My mom doesn't care about space
Now, before I go on, in the interest of not filling this article with assorted exceptions for perfect accuracy which I could never possibly achieve anyway, kindly allow me to make the general point bearing in mind that, as usual, what I write is only approximately correct.
Hardly any customers actually care about space. My mom is definately in the “I don't care” camp and I bet your mom is too. Never once has she called me and complained that “Word is too big”. So, my friends, it turns out speed is everything.
But wait, why then do I devote all this attention to measuring space, whole articles in fact, if nobody cares? Well, the reason is that as often as not space is speed. Yup you heard it here first folks, all that stuff they taught you about time-space tradeoffs is bunk: your default assumption should be that smaller is faster. Which is why we pay so much attention to space, because often the primary cause of slowness turns out to be bigness. Whether it's page faults, cache misses, or just tons of IO, space kills.
I love my mom, but she wouldn't know a soft-fault if it hit her on the head. She just knows it's too slow.
Comments
- Anonymous
March 15, 2004
The comment has been removed - Anonymous
March 15, 2004
I think you and I are both saying that space matters, even though Mom doesn't think it about it much. And sometimes it matters in not the way you were told :) - Anonymous
March 15, 2004
here's a good company/team motto:
"We care about space so your mom doesn't have to."
:) - Anonymous
March 16, 2004
That's very true. Space matters less every day, too. People who find a program and consider themselves good with computers may (the numbers who will are dwindling :) complain about how horribly big Windows XP is, for instance. ;) But as technology progresses it matters less and less.

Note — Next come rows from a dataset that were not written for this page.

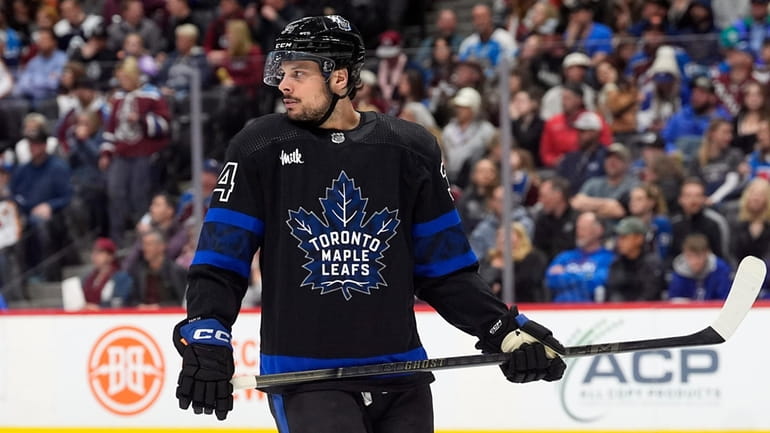Toronto Maple Leafs center Auston Matthews waits for play to...
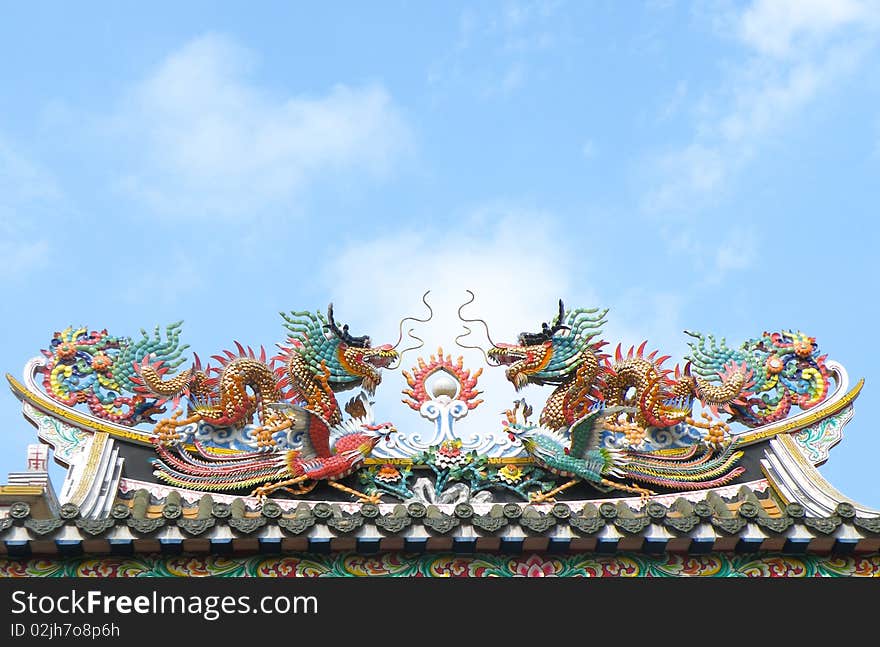 Dragon sculpture on Chinese temple roof in Bangkok. Dragon sculpture on Chinese temple roof in Bangkok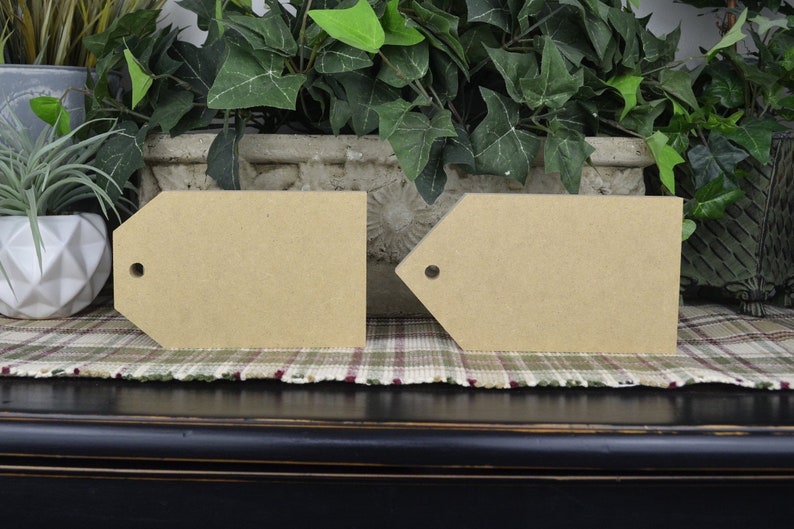 May include: Two unfinished wooden tags with a hole punched in the top. The tags are sitting on a plaid fabric surface.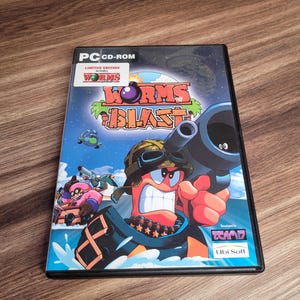 Puede incluir: Caja de juego para PC CD-ROM de Worms Blast. La portada presenta un gusano de dibujos animados con gafas sosteniendo una pistola grande, sobre un fondo de isla tropical. El título del juego se muestra de forma destacada con las palabras "Worms Blast".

As far as smaller programs being faster, that may be true in general, but it's not always true. If you save 10% of your space by using an archive format the decompresses using ten times as many CPU cycles, it's a judgment call. Well, it depends on how many CPU cycles you already have, but if your decompressor was already slow I don't think it's clear cut.. Usually, though, yes, hard drives are far slower than even the worst of errors you can make that don't use them. - Anonymous
March 16, 2004
Now that CPU's are so fast compared to memory, reducing the memory footprint is often the best way to increase speed. Time is becoming proportional to space, more and more, every year.
I used to optimize for speed by focusing on the code executed. Now I tend to focus on the size of repeated data structures. - Anonymous
March 16, 2004
James writes that "Space matters less each day" but I don't think I can agree with that. I think I like Frank's position better "CPU's are so fast compared to memory..."
Though main memory is getting more abundant, and disk is also getting more abundant, I think from that we can only conclude that footprint matters less. For example I think there are theme sets we ship with Windows XP (bitmaps, sounds, etc.) that rival the size of the entire Windows 3.1 distribution. Is this a bad thing? I don't think so... I think it's what people want and they can afford the disk footprint nowadays.
But when it comes down to memory used for core processing activities... space is the leading indicator of speed which is why we have to care about it so much, even though my mom doesn't.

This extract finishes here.